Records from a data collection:
---*---

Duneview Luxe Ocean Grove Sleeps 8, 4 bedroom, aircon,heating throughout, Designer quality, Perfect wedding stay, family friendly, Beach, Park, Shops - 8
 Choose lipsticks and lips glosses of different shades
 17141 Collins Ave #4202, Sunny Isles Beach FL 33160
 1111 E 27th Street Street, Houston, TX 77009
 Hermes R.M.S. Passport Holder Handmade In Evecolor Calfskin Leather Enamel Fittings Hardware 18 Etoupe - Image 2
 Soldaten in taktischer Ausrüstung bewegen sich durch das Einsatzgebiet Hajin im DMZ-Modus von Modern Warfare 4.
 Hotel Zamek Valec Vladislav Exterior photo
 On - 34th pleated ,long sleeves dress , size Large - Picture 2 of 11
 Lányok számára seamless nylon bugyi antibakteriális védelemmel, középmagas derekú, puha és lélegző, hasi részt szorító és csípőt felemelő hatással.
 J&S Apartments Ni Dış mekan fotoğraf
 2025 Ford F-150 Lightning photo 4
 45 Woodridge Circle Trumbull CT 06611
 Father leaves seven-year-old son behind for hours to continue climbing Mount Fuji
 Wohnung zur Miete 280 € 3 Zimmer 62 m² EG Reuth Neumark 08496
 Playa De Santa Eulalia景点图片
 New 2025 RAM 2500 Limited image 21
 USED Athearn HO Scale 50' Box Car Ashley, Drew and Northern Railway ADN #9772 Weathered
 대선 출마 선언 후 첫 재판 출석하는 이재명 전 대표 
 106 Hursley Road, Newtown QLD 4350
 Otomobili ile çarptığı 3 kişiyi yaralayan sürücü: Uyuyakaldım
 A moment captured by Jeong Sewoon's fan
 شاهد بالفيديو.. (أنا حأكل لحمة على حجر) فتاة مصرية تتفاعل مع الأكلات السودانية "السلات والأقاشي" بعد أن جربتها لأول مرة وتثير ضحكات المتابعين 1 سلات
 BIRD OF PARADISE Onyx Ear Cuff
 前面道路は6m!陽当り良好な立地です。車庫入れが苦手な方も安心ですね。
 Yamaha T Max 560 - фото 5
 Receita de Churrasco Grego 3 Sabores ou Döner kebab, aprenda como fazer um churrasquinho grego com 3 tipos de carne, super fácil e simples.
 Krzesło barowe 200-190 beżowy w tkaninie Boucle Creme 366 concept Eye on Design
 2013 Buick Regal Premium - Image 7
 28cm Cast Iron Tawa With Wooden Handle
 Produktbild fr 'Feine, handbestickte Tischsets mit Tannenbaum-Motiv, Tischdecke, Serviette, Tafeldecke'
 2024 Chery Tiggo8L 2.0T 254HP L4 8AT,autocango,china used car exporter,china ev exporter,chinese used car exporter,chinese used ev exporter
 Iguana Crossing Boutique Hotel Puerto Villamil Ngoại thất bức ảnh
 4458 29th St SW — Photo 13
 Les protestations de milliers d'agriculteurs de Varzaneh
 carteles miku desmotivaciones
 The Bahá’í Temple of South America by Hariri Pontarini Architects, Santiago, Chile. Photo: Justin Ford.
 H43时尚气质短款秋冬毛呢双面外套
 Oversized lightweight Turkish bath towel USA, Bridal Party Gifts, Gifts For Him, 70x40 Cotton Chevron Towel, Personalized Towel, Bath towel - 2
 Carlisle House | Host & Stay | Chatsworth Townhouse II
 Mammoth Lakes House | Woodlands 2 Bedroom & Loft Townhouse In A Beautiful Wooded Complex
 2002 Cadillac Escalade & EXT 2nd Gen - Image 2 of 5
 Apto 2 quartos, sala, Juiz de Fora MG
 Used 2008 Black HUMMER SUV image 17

---*---

● ASSIGNED TASK
Match on "Hotel" and copy out every line of the entries that contains it.

● EXERCISE RESULT
 Hotel Zamek Valec Vladislav Exterior photo
 Iguana Crossing Boutique Hotel Puerto Villamil Ngoại thất bức ảnh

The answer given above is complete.